The foreclosure sales can be heart-wrenching events, he said. Sometimes, the owners who are losing the properties can be seen crying during the sale, Cherkas said.
Nathan Esparza, a real estate agent who was representing a company that purchases properties to flip on this day, agreed.
“In many, many cases it’s owners that have had issues. You know, they’ve had a loss of job; they’ve had illness,” Esparza said. “It’s sad.”
Joseph Schneider, of Rockdale, said he’s worked on the other side of the auctions, cleaning out the houses of the evicted owners. That is a tough job, he said.

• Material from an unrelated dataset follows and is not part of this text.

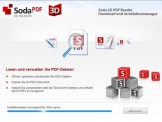 Đọc và tạo file PDF theo phong cách 3D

“Sometimes you got kids in there,” Schneider said. “You literally got to take out the drawers in the kitchen and empty them and it’s like everybody’s got a miscellaneous drawer, so it’s like their life.”
He started working the auctions for Lakeshore Trust Inc., as a once-a-month side job for a little extra money. He’s more removed from the process this way, Schneider said.
Not everyone is sad about the auctions, Cherkas said. Sometimes the property owners are the beneficiaries of a deceased relative waiting for the foreclosure sale so they can get out from under a burden, Cherkas said.
And sometimes, the neighbors are happy because a problem property that has been empty for years will be cleaned up, repaired and sold to someone who has the means to take care of it, he said.
On Tuesday, there were no crying owners and the majority of the bidders were working for someone else.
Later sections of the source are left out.